Home > Arts and Cultural Exchange > Main Activities > Fiscal Year 2009-2010 > Kyogen Performance Tour in US The Okura School of Kyogen by the Shigeyama Family

Kyogen Performance Tour in US
The Okura School of Kyogen by the Shigeyama Family

The Japan Foundation is now presenting the project “JAPAN: Nature and Culture for the Future” with a wide variety of events in Washington, DC and Chicago in order to introduce diverse aspects of Japanese culture to American audience, focusing on Japanese aesthetic values and way of life.
In addition to a number of exhibitions, film screenings, and lectures, we organize a tour of performance in Kyogen in the two important cities by the Sengoro Shigeyama Family that boasts a history of 400 years in Kyoto.
It is hoped that the audiences in the US, especially those of younger generations, will share laughter, as well as catch a glimpse of the values of freedom, peace, justice, creativity, vitality, refinement, and sensitivity, and, last but not least, the way of harmony between people and nature, which Japanese society and culture have long cherished.
Tour Schedule: Sunday, March 21 through March 29, 2010
| Chicago, IL | Dates: Tuesday, March 23, 2010 7:00 pm |
| Washington, DC | Date: Friday, March 26, 2010 7:00 pm |
Program

This is a sacred dance in celebration of fertility and of good harvest, performed at New Year, theater openings and other ceremonies; it is a noble piece, solemn and elegant, yet somewhat humorous. Sambaso, an old man, along with a young man Senzai, will come up to the stage, to the accompaniment of fue (flute), otsuzumi (knee drum) and kotsuzumi (shoulder drum), to show the dance consisting of two parts: “Momi-no-Dan,” a lively heroic dance, in the style of plowing the fields, to unique voices calling in time to the rhythms created by the instruments; and the solemn yet dryly humorous “Suzu-no-Dan,” danced by a suntanned old farmer wearing a black mask and shaking bells, a symbol of happiness and harmony.

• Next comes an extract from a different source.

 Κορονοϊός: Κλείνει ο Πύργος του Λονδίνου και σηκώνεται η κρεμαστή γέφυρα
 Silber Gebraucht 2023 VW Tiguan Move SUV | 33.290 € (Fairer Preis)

On his way back to the Dewa Mountains from ascetic training in Katsuragi, a hungry mountain priest stops to eat a persimmon from a tree by the road. He climbs the tree to get the fruit. The farmer who owns the tree sees him and becomes angry, but pretends not to notice the priest. Teasingly, the farmer shouts things like, “That must be a bird,” or “It’s a monkey, no doubt.” Not wanting to be discovered, the priest responds by making sounds of the animals referred to by the farmer. Finally, the farmer says, “I’m sure it’s a kite. But then again, a kite would spread its wings to fly. If it does not spread its wings, the figure must be that of a man.” The priest falls for it, jumps out of the tree, making the sounds of a kite, and then...
Through the simplicity of Kyogen, anything can be imagined as actually being on stage. This play allows the full expression of the imagination, delighting the audience with a world of possibilities on a simple stage.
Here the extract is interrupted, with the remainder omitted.